Ja, das ist schon viel diskutiert worden und hat mit der Ausbildung zu tun. Schöner Fußball ist erstrebenswert, natürlich, auch der Zeitgeist hat sich verändert. Aber Zweikämpfe oder das Gewinnen der Kopfballduelle bleiben die Basis. Als wir 2002 Vize-Weltmeister wurden, hatten wir nicht die beste Mannschaft, aber wir waren stabil und kompakt: Bis zum 0:2 im Finale gegen Brasilien hatten wir lediglich ein Gegentor kassiert.

Nagelsmann bleiben nur acht Monate, um die Situation zu drehen. Wie kann das gelingen?

Mit einer Kombination aus der Stabilität und Bereitschaft im Zweikampf, die wir im September gegen Frankreich gesehen haben, und dem kreativen Ansatz von Julian. Das ist das, was es ausmacht.

Wir sind nicht so schlecht, wie wir es in den Spielen vor Frankreich gemacht haben.

Rudi Völler

Reicht das? Im Juni haben Sie die Qualität der Spieler infrage gestellt. Weil Sie damals Flick schützen wollten oder weil Sie wirklich Zweifel haben?

Wir sind zweimal nacheinander bei Weltmeisterschaften in der Vorrunde ausgeschieden, dazwischen war bei der EM im Achtelfinale Schluss - das hat Gründe. Einmal kann einer großen Fußballnation so etwas passieren, aber wenn es dreimal vorkommt, ist es kein Zufall. Dennoch sage ich auch: Wir sind nicht so schlecht, wie wir es in den Spielen vor Frankreich gemacht haben.

Nagelsmann hat Gündogan gleich als Kapitän bestätigt. Die richtige Entscheidung?

Ja. Wenn man einen Spieler hat, der auf absolutem Top-Niveau so viele wunderbare Spiele gemacht hat, gab und gibt es keinen Grund, etwas zu ändern.

Dennoch hat Gündogan in der Nationalelf lange nach seinem Platz suchen müssen.

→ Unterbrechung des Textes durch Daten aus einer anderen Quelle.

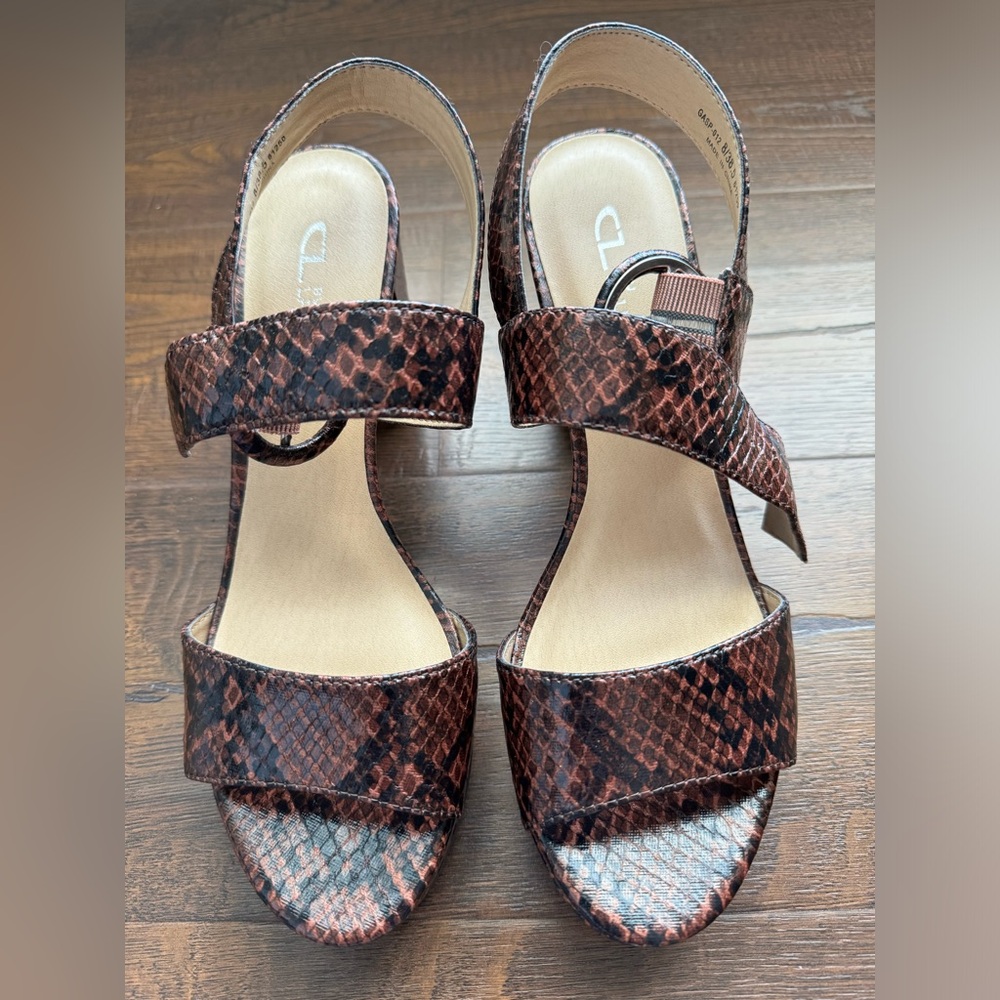 CL by Laundry ~ NEW Genna Snake Brown Size 8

Das ist richtig. Aber das bestätigt mich in meiner Einschätzung, dass wir besser sind, als sich die Situation zuletzt dargestellt hat. Denn gerade auf der Position im zentralen Mittelfeld haben wir viele Top-Spieler. Es wird eine von Julians Aufgaben, das zusammenzufügen.

Nagelsmanns Vertrag läuft nur bis zum Sommer, Sie selbst erwähnten eingangs seine Job-Möglichkeiten. Wie groß schätzen Sie die Gefahr ein, dass Ihr Bundestrainer im Frühjahr schon kommende Angebote sondieren kann?

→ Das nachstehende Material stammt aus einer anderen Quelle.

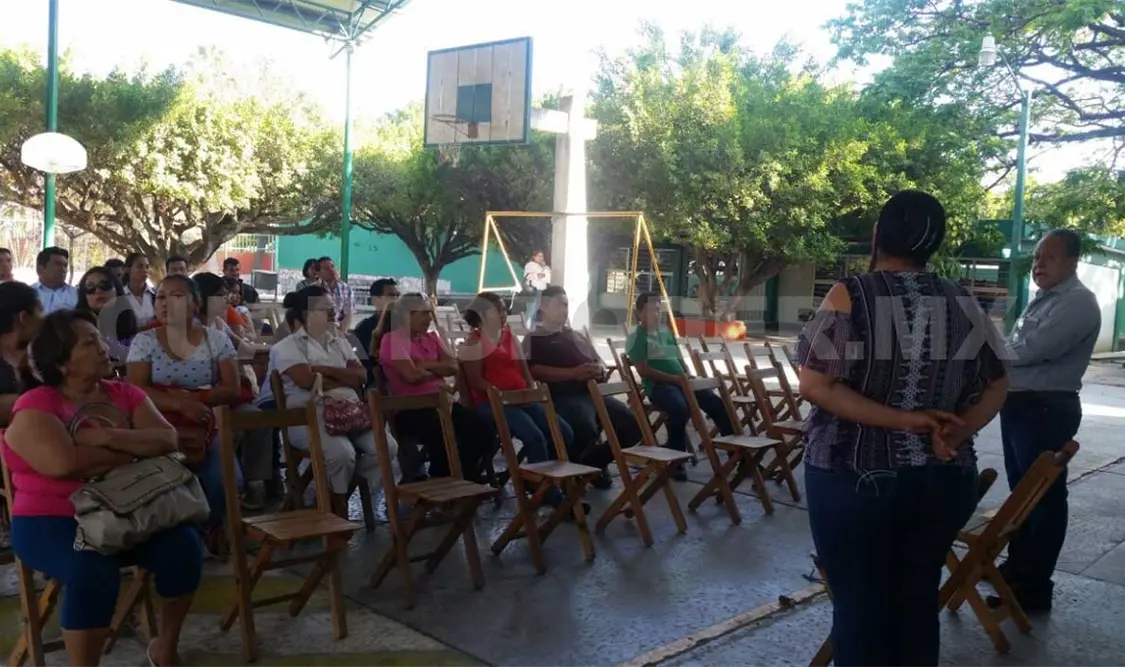 Sin clases; la CFE les cortó la luz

Ich weiß gar nicht, ob das eine Gefahr ist. Ich glaube nicht, dass Julian deshalb schlaflose Nächte hätte. Ich jedenfalls hätte keine. Ich hätte sie eher dann, wenn er keine Angebote hätte. Denn dann hätten wir etwas falsch gemacht.

Stichwort "schlaflose Nächte". Glauben Sie, dass Nagelsmann die Druckresistenz für den Job des Bundestrainers mitbringt?

Ja, da bin ich mir sehr sicher. Er hat den FC Bayern trainiert und sich dennoch seine Unbekümmertheit bewahrt. Das finde ich sehr wichtig. Natürlich, das weiß ich aus meiner eigenen Erfahrung als Teamchef, ist dieser Job etwas anderes als der des Bundesligatrainers und die Drucksituation noch größer. Aber es wird funktionieren.

Dieses Interview erschien zuerst in der kicker-Ausgabe Nr. 82 am 9. Oktober 2023.